- Use Cases
A key part of achieving indoor intelligence comes from understanding the way people move through indoor spaces. The ability to visualize the movement of people throughout buildings can provide organizations with highly valuable information about who is in your space, their dwell times, return visits, and other key metrics. From enhancing security to optimizing efficiencies, these insights are invaluable across industries. By leveraging an indoor intelligence platform with indoor positioning and indoor mapping technology, it becomes possible to visualize this kind of data and turn it into actionable insights.
To capture this data, we depend on identifying and visualizing personal devices within a space, but it’s important to understand the regulations and restrictions that come with that. For example, many devices have a feature to protect users’ personally identifiable information, wherein they broadcast randomly generated numbers to obfuscate the device’s real unique identifier. These are called ‘randomized devices’ which remain randomized until they are ‘unmasked’. Once the device connects to a WiFi network, the ID becomes a known lasting identifiable device. Because the IDs are not static, the randomized devices become unfollowable, and it’s not possible to know how often a visitor returns or how much time they spend in your space.
The big question for organizations is: Do you choose to ignore randomized devices in your analytics, or work with them? At Inpixon, we’ve elected to work with them, and have been awarded a patent in this space.
Using only identifiable devices gives you a good snapshot of a subset of the total number of devices - however it does not tell you what that total number of devices actually is. So while you have a sample, without also collecting the randomized device data, there’s no way to estimate what proportion of the total number that sample represents. In short, you have a sample, but no indication as to what the sample size actually is.

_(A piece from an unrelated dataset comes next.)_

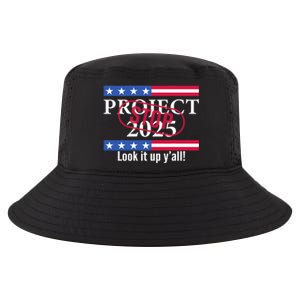 Stop Project 2025 Look It Up Y’All Anti Trump Cool Comfort Performance Bucket Hat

If you choose to collect randomized IDs, you don’t get the same level of insight for those devices as you do the known ones, because the IDs can change as often as every few seconds, but what you do get is a snapshot of the total number of devices transmitting at a given time. We can also combine this with optical sensors, which have highly accurate footfall counters, to get a true sense of the total number of people in a space, accounting for those with and without devices. This data can be extremely important in situations where personal identification isn’t the goal, such as monitoring no-phone zones, or places where it's a matter of public safety. For example, if you can see a device transmitting from within a restricted train tunnel, that information could be the means by which you’re able to save a life.
By paying attention to the total number of transmissions at any given time, you can then subtract the known, non-randomized devices from the total to do better spatial analytics. While you cannot follow a randomized device, it can tell you what kind of sample size you’re working with, and can provide more information down the road. Different phones approach randomization differently, and in some instances, the way they are configured can lay a trail of digital breadcrumbs that matches their activity records on acceptance of your WiFi network’s terms and conditions. For instance, it is possible to match an Android device’s randomized data to it’s unique ID after it is derandomized, effectively putting a ‘face’ to the previously randomized data. You would not have access to this information if you chose to ignore randomized devices.
By working with randomized devices in this way, we can create more accurate data extrapolations about the ways and frequency with which people engage with a space, whilst also respecting privacy regulations.